コミュニティに暮らすすべての人が何らかの形で、エイズの影響を受けて傷ついています。
アパルトヘイトが終焉し、自由を勝ち取ったアフリカ人社会。しかし気づいたときには「音のない戦争」とも言われるエイズが蔓延していたのです。
現在一番エイズの影響を受けている世代は、大切な幼少期・思春期・青年期をアパルトヘイトという特殊な環境下で育ちました。
自立した生活を送るための様々なノウハウ、例えば教育や就職に有利な専門技術を学ぶ機会を損なわれた状態で彼らは大人になりました。
自分や他人を信じ、努力することで何かを手にするという成功体験にも不足しており、成熟した自尊感情の発達やライフスキルを身につけていくことに大変な苦労を強いられています。

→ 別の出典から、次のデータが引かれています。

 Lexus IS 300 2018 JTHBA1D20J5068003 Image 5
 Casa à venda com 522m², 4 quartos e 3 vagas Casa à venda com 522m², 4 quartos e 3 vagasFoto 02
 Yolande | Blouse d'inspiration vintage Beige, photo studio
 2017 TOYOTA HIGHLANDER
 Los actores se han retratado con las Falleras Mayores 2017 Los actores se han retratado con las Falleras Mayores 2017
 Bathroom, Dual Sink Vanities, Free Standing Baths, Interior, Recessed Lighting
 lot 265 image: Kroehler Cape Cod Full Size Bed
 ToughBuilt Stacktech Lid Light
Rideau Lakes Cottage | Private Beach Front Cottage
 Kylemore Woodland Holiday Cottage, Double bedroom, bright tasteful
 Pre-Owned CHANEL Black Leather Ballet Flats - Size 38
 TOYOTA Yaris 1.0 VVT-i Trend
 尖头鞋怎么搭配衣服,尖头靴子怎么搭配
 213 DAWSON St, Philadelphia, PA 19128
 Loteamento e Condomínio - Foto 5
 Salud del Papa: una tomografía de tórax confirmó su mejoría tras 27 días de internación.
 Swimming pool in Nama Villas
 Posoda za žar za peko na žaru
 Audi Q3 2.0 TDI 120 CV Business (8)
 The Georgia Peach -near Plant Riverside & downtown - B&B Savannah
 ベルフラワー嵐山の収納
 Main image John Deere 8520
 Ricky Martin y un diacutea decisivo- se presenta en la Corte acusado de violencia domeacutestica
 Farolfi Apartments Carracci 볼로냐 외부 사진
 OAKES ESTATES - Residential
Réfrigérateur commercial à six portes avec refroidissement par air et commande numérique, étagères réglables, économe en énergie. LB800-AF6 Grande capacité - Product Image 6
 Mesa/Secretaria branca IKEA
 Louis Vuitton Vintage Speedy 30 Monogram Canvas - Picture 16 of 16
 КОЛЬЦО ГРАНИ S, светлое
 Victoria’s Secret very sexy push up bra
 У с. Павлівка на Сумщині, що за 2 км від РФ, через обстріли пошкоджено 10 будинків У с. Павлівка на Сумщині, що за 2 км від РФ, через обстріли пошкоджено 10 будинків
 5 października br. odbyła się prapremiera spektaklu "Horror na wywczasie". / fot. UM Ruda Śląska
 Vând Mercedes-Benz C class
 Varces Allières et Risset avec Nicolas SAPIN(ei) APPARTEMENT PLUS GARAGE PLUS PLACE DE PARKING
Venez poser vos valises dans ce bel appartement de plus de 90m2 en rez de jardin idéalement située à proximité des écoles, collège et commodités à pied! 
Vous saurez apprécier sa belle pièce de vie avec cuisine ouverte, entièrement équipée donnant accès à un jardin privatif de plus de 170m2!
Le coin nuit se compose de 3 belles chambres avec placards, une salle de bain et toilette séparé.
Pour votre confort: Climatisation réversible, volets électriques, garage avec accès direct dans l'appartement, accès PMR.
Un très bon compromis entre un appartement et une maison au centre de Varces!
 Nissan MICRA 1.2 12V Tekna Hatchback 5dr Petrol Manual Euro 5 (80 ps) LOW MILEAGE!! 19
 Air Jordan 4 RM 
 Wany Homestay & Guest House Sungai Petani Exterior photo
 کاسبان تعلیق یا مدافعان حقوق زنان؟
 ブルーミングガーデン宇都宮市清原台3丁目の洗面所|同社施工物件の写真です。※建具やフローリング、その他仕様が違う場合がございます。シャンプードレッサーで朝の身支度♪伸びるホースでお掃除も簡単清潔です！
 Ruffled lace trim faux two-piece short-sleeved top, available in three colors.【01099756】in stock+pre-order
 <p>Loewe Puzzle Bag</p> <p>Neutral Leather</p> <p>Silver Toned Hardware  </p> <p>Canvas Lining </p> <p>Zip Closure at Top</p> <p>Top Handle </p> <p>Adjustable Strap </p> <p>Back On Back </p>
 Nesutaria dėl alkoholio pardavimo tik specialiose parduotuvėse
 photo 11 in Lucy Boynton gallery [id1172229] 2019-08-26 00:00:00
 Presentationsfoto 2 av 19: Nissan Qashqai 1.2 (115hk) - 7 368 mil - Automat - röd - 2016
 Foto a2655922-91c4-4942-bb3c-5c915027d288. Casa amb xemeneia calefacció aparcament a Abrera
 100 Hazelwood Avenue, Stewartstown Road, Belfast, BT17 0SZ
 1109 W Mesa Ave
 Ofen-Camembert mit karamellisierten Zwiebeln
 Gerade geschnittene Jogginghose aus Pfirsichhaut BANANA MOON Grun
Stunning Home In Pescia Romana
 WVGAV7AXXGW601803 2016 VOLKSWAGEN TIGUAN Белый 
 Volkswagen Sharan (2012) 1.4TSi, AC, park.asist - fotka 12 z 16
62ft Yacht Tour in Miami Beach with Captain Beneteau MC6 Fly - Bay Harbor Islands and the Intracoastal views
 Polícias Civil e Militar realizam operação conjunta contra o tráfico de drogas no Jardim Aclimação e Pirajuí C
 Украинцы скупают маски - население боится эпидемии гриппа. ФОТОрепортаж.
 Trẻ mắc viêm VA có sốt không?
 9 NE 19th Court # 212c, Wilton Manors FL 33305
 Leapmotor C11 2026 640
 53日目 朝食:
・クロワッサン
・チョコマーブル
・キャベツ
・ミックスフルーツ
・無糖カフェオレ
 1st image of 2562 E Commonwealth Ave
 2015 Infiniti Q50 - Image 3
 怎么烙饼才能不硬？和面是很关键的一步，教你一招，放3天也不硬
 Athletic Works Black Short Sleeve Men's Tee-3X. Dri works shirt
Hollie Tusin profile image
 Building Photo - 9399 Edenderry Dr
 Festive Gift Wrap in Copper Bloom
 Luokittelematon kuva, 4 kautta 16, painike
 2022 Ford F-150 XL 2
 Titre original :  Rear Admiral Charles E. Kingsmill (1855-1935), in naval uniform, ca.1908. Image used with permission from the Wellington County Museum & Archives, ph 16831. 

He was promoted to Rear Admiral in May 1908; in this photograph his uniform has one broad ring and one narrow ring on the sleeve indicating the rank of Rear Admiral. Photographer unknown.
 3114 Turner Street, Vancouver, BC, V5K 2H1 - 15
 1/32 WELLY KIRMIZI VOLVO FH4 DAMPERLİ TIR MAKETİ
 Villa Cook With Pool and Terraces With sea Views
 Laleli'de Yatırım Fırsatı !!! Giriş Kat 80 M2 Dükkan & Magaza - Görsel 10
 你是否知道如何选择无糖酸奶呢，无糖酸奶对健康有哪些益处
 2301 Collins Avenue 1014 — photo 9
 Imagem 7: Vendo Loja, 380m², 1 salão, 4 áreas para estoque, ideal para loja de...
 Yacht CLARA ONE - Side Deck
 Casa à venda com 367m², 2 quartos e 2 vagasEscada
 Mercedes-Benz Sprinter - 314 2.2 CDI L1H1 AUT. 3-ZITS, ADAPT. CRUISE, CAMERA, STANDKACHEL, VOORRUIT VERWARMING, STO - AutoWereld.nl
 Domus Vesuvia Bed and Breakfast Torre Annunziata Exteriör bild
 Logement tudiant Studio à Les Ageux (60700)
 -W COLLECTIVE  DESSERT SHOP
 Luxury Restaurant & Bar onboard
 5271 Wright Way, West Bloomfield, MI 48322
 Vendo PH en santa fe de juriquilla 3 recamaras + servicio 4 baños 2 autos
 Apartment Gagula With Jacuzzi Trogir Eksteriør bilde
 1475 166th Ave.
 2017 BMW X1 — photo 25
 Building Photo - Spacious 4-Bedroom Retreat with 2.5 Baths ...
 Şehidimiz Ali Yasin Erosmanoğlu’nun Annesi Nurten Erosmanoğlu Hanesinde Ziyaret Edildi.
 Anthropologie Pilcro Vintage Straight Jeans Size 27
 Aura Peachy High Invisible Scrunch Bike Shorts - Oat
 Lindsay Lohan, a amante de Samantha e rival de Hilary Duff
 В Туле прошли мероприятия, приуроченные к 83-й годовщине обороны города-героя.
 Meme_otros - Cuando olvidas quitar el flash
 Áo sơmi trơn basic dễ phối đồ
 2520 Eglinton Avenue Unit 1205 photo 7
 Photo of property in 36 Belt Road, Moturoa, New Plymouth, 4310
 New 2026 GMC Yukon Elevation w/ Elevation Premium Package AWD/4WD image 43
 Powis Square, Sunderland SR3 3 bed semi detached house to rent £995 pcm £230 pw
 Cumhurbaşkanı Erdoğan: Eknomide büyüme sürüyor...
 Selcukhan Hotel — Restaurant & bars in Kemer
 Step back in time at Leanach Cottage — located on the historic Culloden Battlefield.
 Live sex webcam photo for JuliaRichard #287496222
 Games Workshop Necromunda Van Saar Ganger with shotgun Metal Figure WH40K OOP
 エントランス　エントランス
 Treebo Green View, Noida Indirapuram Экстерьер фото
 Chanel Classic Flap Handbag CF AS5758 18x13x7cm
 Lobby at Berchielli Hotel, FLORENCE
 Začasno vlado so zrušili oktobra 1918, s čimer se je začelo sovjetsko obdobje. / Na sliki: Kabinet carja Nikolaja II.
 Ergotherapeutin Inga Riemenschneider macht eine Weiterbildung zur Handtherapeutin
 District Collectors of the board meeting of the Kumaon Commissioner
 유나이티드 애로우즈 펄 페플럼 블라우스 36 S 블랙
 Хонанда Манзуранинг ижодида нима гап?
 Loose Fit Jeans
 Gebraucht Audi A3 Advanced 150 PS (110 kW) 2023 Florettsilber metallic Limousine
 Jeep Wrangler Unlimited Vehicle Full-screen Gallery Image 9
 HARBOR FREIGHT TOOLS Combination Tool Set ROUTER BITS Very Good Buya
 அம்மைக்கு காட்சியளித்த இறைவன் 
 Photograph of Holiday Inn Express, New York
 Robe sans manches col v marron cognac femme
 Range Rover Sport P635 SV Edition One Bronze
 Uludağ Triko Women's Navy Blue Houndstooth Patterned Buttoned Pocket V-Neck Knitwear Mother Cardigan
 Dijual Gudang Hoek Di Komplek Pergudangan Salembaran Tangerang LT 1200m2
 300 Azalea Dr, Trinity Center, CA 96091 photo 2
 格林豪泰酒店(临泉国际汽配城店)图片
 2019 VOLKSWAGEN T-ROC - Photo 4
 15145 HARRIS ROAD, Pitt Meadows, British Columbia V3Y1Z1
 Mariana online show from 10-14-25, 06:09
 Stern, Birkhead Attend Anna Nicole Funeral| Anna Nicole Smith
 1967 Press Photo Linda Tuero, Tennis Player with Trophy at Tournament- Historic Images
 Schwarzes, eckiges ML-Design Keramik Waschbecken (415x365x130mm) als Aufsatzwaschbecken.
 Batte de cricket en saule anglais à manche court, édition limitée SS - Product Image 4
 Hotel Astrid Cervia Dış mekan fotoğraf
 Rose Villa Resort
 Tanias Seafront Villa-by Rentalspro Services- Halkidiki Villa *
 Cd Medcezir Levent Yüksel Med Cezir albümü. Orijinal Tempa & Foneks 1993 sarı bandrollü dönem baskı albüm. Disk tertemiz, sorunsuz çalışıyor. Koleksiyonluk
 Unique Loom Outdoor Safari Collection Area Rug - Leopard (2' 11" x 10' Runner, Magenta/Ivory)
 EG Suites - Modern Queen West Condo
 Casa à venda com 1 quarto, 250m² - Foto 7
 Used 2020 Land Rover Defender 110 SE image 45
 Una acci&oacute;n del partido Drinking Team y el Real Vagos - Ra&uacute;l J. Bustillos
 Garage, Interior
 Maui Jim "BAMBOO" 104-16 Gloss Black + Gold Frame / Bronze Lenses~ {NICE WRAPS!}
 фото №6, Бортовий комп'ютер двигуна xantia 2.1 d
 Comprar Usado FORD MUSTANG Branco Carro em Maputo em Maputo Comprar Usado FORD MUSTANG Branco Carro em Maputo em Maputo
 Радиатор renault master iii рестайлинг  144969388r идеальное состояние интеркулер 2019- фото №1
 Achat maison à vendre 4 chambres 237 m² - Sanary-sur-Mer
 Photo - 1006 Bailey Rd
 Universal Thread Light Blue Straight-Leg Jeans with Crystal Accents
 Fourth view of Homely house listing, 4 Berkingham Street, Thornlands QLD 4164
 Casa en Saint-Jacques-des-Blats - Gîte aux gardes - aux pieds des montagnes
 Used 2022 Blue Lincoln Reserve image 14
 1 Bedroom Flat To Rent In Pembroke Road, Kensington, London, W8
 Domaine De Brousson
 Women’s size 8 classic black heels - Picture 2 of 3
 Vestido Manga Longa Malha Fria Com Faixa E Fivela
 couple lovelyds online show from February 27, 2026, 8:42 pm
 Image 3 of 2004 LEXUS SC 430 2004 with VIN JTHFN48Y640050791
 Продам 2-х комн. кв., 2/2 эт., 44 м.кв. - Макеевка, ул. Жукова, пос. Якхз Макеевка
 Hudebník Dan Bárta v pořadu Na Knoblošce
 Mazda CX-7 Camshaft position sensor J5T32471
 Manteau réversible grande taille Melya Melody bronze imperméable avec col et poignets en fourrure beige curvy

今コミュニティが直面しているのは、一部の豊かになった人をのぞけば多くの場合は職業を含めて「どう生きていくか?」という過酷な課題です。
①場所の範囲としての地域の理解。
②つながり・絆のある地域の理解。
③影響を受け与えあっている地域の理解。
地域には、必ず価値や問題に対処する力、成長する可能性がある。
他者からみた必要性と、住民自身による必要性は、必ずしも一致しないこと。
住民自身が望むことを決定できるようにすること。
住民の「問題を解決したい」という気持ちを引き出すこと。
そして自主的な組織やグループを作っていくこと。
問題解決のための方法や見通しを、もてるように支援すること。
多くの人の参加や協力を促し、そしてすでにある団体や組織と協力していくこと。
活動するタウンシップの周辺の社会資源をエイズに関連しないものも含めて可能な限りリサーチし、コミュニティで出会う人たちが、ライフスキルの育成や就業に役立つ情報にアクセスできるように努力しています。
社会資源につながる手続きは代行せずに、当事者である人が行なうようにしています。
「自分たちのコミュニティを自分たちで守る」「コミュニティのために働きたい」という意欲を持っている若者達の出会いの場を作り、活動のきっかけとなる機会を提供しながら草の根活動が誕生するように支えていきます。
活動資金・運営に困っている小規模な草の根団体へのサポートを行ないます。
サポートをする際には必ず事前にその団体の活動へ、一定期間私たちスタッフが参加をします。
エイズにかかわらず、出会った人と十分につきあい、アフリカ人社会の文化や価値観をしっかりと理解し尊重することを何より大切にしています。
そして相手が困難を抱えている場合には、自立のために何が必要かをともに考え、選択肢を探していきます。